Lizzie veniva verso di me correndo. La vidi a un tratto, dall’alto dello scaffolding ma così rimpicciolita per la distanza e così schiacciata dalla prospettiva che il suo vestitino verde vivo non disturbava né lo sfondo sfumato dello skyline di Chicago né l’intrico ortogonale e mondrianesco delle nere tubature. Per caso, per godere un istante il panorama del lago e la brezza della mattina primaverile, mi ero affacciato proprio allora al ridicolo, assurdo davanzale spesso 75 centimetri di una di quelle sciagurate mille finestre che mi ossessionavano col problema dell’incorporato doppio meccanismo di chiusura. Ma un istante bastò, indovinai subito nella disfrenata corsa di Lizzie il particolare entusiasmo che la possedeva tutte le volte che poteva recarmi una notizia sgradevole o addirittura inquietante: malgrado la sua straordinaria intelligenza e devozione, apparteneva anche lei alla categoria dei subalterni catastrofici!
Eppure, quando ancora trafelata arrivò in alto col traballante saliscendi dei muratori e di slancio saltò sul planking, tutto ciò che doveva dirmi era cosa da niente: passando dalla baracca degli uffici aveva trovato un messaggio da Chicago, del portiere del nostro albergo. C’era per me una telefonata urgente provenienza Roma:
«There is no reason at all you should worry» aggiunse subito Lizzie, non esiste nessuna ragione che ti debba preoccupare. Oh, certo! l’incosciente vizio dei subalterni catastrofici è complicato e contraddittorio: vogliono essere i primi anche a rassicurare!
Per fortuna non riuscivo a pensare notizie in grado di spaventarmi. Mia moglie e i miei figli vivevano a Milano, i miei amici più cari anch’essi a Milano o in diverse città del mondo, nessuno a Roma. Domandai di chi fosse la telefonata. Qualcuno che parlava solo italiano, il portiere non aveva capito il nome.
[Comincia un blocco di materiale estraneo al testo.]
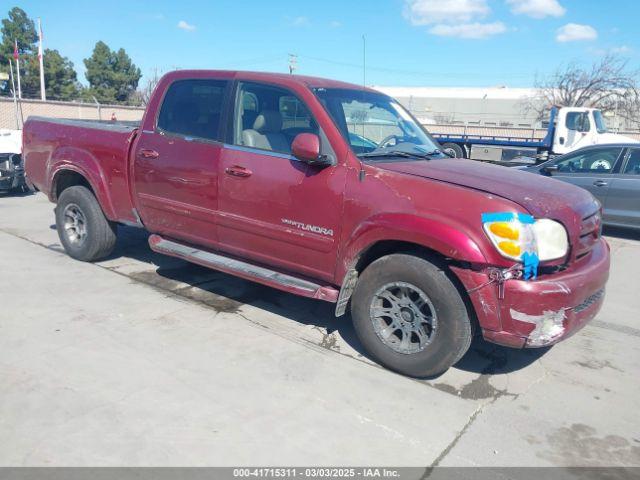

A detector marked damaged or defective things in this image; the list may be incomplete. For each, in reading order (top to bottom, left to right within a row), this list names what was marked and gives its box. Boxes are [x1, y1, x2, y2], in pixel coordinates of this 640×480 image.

cracked headlight [482, 213, 568, 262]
damaged front bumper [450, 237, 608, 346]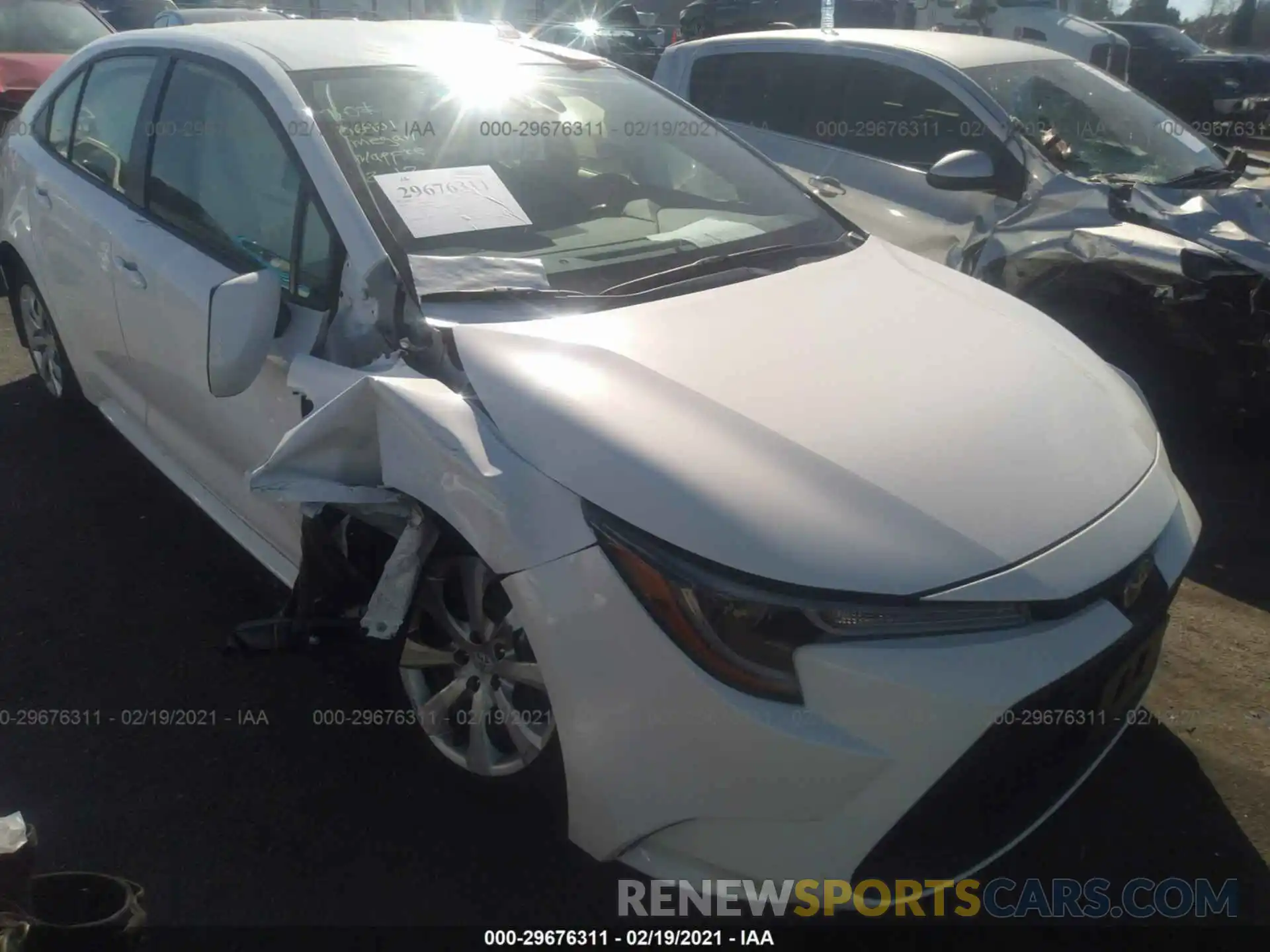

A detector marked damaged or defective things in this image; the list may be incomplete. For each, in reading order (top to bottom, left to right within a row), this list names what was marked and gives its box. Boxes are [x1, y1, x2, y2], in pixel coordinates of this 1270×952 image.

broken side mirror [209, 267, 283, 397]
bent hood [450, 238, 1159, 595]
broken side mirror [926, 149, 995, 192]
wrecked silver car [656, 30, 1270, 418]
Lizzie tuttavia si accorse che mi ero rabbuiato, e io capii che ciò la addolorava e allo stesso tempo la eccitava: sì, una nuova fettina di potere che acquistava su di me! Fui allora io a rassicurare lei e, questo, senza bisogno di mentire: sincerissimo, diamine. Mi ero rabbuiato? Ma senza motivi precisi… salvo, forse, un sospetto, una domanda sinistra che a poco a poco finii col rivolgermi quando già ero tornato alle mie finestre: che cosa mai, da Roma, poteva venirmi di buono?
Rimasi in cantiere l’intera giornata a discutere con i tecnici. Come spiegare le difficoltà che avevo incontrato? E come, senza l’aiuto di fotografie e schizzi ecc. che sarebbero chiari a soli specialisti, dare un’idea della copertura metallica che avevo preteso per non rovinare il mio progetto e, insieme, contentare i più stupidi, i più ostinati sapientoni della commissione di controllo, cioè proprio gli architetti di cui più si fidavano i pezzi grossi del trust? A loro volta, i sapientoni avevano consegnato la patata bollente a un gruppo di tecnici, e appunto con costoro avevo a che fare oggi. Dopo un litigioso lunch di lavoro, dimenticando my usual nap, la mia breve siesta a cui non rinunciavo mai, continuai la battaglia.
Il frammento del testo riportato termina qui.